Leif M. Wright's Blog

Spreading it for Google and Facebook (otherwise known as creating structured data for images on a busy site)

Filed under Facebook, I Fucking Work Hard, I am the Media, PHP, Programming, schemaless database
If you're bored by technical stuff, move onto the next entry. 
My news site gets almost 50,000 viewers every day. That means my server, a dedicated linux machine somewhere in the desert, must serve up a minimum of that many pages every day. But the story doesn't stop there.
Because my site only counts each IP address once per 24-hour period no matter how many times it sees that address, my hit count is way higher than 50k. It's closer to 200k per day, for just that one site (I have other sites that get even more viewers per day, but they don't suffer from the problem I'm describing here. 
It's a lot. And the server handles it swimmingly.
Until something big breaks and tons more people hit the site. And it's all Facebook and Google's fault. 
You see, in order to properly index the site, both Facebook and Google want structured data, which I won't get into here except to say EVERYTHING needs to be described, and images even moreso; they both want to know where the image that describes the story is, and how wide, how high and what kind of image it is. 
Because all the images on my stories are html links inside the story itself, I can't just point FB and Google to a file somewhere where they can find the image. Instead, I used a nifty bit of HTML searching to identify the first image, create it in memory, analyze it and send the data to Google and Facebook every time they try to access the story. And it works like a charm.
Until 200,000 people try to see the story at once. All that processing (and analyzing images is pretty overhead-intensive) takes a lot of the computer's memory, and eventually, it runs out of memory and crashes the server. 

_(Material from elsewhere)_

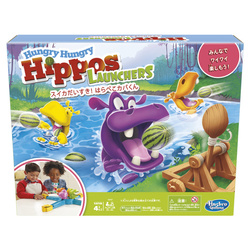 Gra Hasbro Hungry Hungry Hippos Lauchers E9707 256649
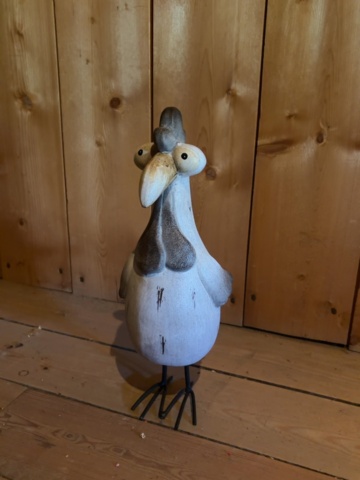 1529900-1 Decorative figures 3 pcs - Roosters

Especially because it was doing that for 25 stories on the front page in addition to whatever page (single story) the user is accessing. 
So I came up with a multifaceted solution: 
I cached all the stories, so the server isn't having to access the database 30 times every time someone hits the front page. My site has ads that rotate randomly, so I couldn't just create a static HTML page and call it done. Instead, I had to create a cache system that allows the ads to rotate every time someone access the page. To do that, I cached the HTML for each story, saved it to a file and access it whenever needed. That cut down on a lot of server load. 
I created a schema-less database system, because some stories will have images, some will not, and I didn't want to crawl through all 4,000 previous stories to figure out which was which. "Schemaless" means the database has no idea what data it's looking for when it opens the story and has no idea what structure the other stories have when it goes to write a story. A "schema" is a map of sorts, telling the database what to look for and where. Going without a schema makes a very flexible kind of database, and I think I'll be migrating everything over to it. My site, which formerly worked on XML, and before that on JSON-based flat files, is now operating on what I'm calling the Ineffable Schemaless Database system, which I wrote this morning and have now migrated the entire site over to. 
The advantage of moving to this kind of database is that I can now store image data related to each story inside the database. When Google or Facebook come looking, instead of re-analyzing the images over and over, my system will now feed them the data stored about the images. And if it doesn't find any data, it will send them the logo you see above, with the data stored about it.
Ultimately, what this all means is big-hit days won't crash the server anymore, and as a bonus, because of the caching, the site loads about twice as fast as it did before.
The advantage to making my database schema-less is that in the future, if I find some other data point I want to add to stories, I can just do it without having to worry about whether older stories have that same datapoint and then having to rework the entire database to include it. For instance, if I later want to add, oh, I dunno, comments (spoiler, I won't [remind me to tell you how comments have turned the Internet into a place I hate]), I can actually add them without having to change the structure of my database at all. 
Anyway, the none of you who read this far, I'm going to publish the Ineffable Schemaless Database system as soon as I'm sure it's secure enough, and I'll probably make it open source so others can improve on my work.